In the colonies, life was never typically anything. That is, each was a random mixture of advanced civilization with all sorts of primitive conditions. The Randell Colony did have one thing in common with all the rest: It was supposed to start turning a profit very early or risk a pretty painful shut down. The people were highly motivated or they weren’t selected, risk takers who would faithfully keep the profits of the sponsoring corporation as a high priority.
Keeping track of standard newborn implants was not a high priority. Randell was lucky to get some diverted to their clinic, even at the extravagant price they paid. Still, it was utterly necessary to prevent having to send all the infants and mothers off-world. All of the mothers were critical staff themselves. The current trend in management was to allow women to bear their young and raise them on site, provided their work didn’t suffer too much. Of course, the first round of births came in a batch. Married couples with time on their hands during the early stages of colonization, when the odd mixture of life support necessities would arrive almost at random intervals from all different directions of the galaxy, would naturally find some of the women visibly pregnant a few months after landfall.

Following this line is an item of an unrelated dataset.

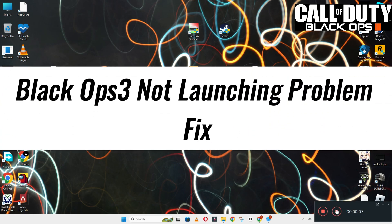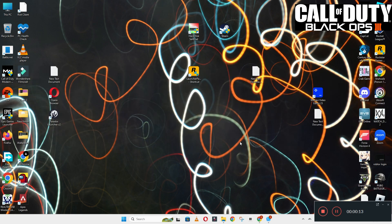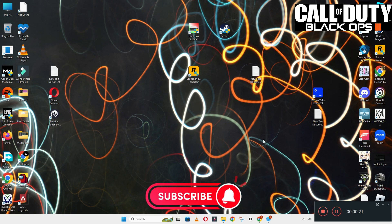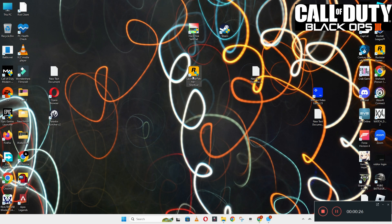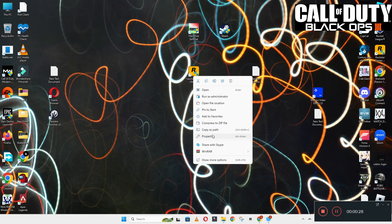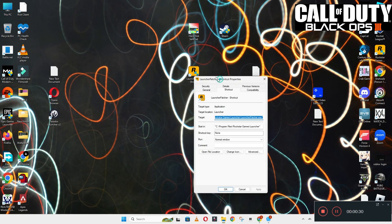Hello guys, welcome back to another video. In this video I will show you how to fix Black Ops 3 not launching or opening problem on your Windows PC and laptop. To fix this issue, follow every step as I am showing in this video, and do not forget to subscribe to this channel and also press the bell icon for the latest upcoming videos. Hope this will fix your problem and help you a lot. Thank you.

The medical staff placed the implants as part of the birth routine, but someone forgot to track the reference codes. Part of every implant was a unique identifying code response to certain pieces of equipment used throughout the galaxy, but the staff decided it didn’t matter so long as the kids were still on their home planet, especially with such a low human population as colonies always had. Someone could add them to the registry later when it mattered. Rudimentary records were kept and everyone hoped for the best.
The boy child welded with his implant. Whether it was indeed sheer genius or pure luck would never been known, but the ambitious lab technician’s reconfiguration of the implant did grant the boy an unusual degree of eye-hand coordination. On the other hand, the experimenter forgot to lock in the ID code, along with a few other functions. It would be a long time yet before he knew, but the boy would be able to rewrite the ID code in his implant at will, along with some other volitional features which would have surprised anyone who knew anything about them.
The boy grew up truly enjoying his body. It seemed to always do pretty much what he really wanted, aside from purely physical limitations. He could have been a natural athlete, but his temperament was more artistic. So while he did develop a decent physique, it was his love of visual art which drove his life choices. He could always get his hands to do exactly what his eyes could see was the best motion.
In a day and age when devices could reproduce any image anyone could imagine, there was precious little place for people who in times past could paint or draw. Education steered them into other paths, often having to do with photography. For all the brilliance of artificial intelligence, nothing anyone could do would precisely duplicate the functions of the human eye. There simply was no algorithm for what was eye-catching and inspiring. So while a few artists stubbornly worked with drawing equipment, there was always a market for photographers. Cameras had been reduced to tiny head-mounted or finger-tip mounted units, even some implants, but apparently it would always require a human eye to decide where to point the lens.
Our boy became a peculiar kind of photographer, specializing in technical imagery. He seemed to have an instinct for adjusting zoom, granularity, color shift, penetration by radiation outside the range of vision — whatever it took the extract the greatest amount of detail and pack it into a single image.